Last Monday night I sat down with Igor Jablokov, an IBM program director working on new methods of multimodal search using open standards, to do a podcast. Multimodal search adds voice commands to a visual display to allow easy access to a long list of commands and contextual information. The technology is currently used in web browsers, mobile phones, and automobile computing systems. I also recorded a presentation by Igor on mobile search at Mobile Monday in April.

IBM is one of the contributors to the VoiceXML proposed standard. Opera and Motorola are also active contributors. IBM promotes a voice-activated system by combining XHTML, VoiceXML, and XML events. The open software works across many server and client platforms including an Eclipse-based environment for creating voice-enabled content.

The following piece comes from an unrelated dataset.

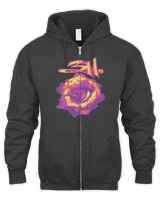 Men's Zip Hoodie Men's Zip Hoodie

Igor showed off a Samsung phone running Windows Mobile with a prototype of WebSphere multimodal browser. The browser accepts search queries for Yahoo! Local and returns voice-enabled results using Yahoo!’s web service APIs.

We discussed dynamic grammars, a new development in mobile search that creates acceptable grammars specific to a returned data set. If you are in your car waiting for an urgent e-mail you can ask your car to retrieve all new e-mails with an urgent status and build a grammar based on the senders in the returned data set.

Igor is tasked with building for the future. Many of the technologies we discussed are not expected to be mainstream until 2008 or 2010. Companies involved in creating these voice-enabled interfaces are already planning for 2015.

Thanks to Igor for requesting this interview and Text100 for making all the arrangements.

My audio interview with Igor Jablokov is available in MP3 format. The 28-minute interview is a 12.9 MB download.

Interview questions

  1. What are some of the biggest obstacles in mobile search today?
  2. What is the XHTML+Voice proposal?
  3. What devices and software support the service today?
  4. What companies are outputting content in this format?
  5. What is IBM’s involvement? What other companies are involved?
  6. How is it being used in the car?
  7. How can you accommodate a variety of accents and dialects? A thick Irish accent is supposed to be very difficult to compute.
  8. You brought a new mobile prototype with you today. What’s exciting about this advancement?
  9. Tell me about mixed initiatives. What are the current use cases and implementations?
  10. I’ve used voice software in the past and I felt the need to slow down and annunciate. How has voice recognition improved?
  11. Tell me about JSGF.
  12. How can you create dynamically generated grammars?
  13. Why should I, as a small company, be interested in X+V? Where is the ROI?
  14. What are some ways we can voice-enable our site? What changes do we need to make?
  15. What are some of the largest grammar implementations right now and what sort of hardware is needed to deal with that?
  16. What are some competing standards and implementations? Microsoft Speech?
  17. What are some of the tools I need to get started?
  18. What’s coming next? How can I build an application for the next generation of devices and standards?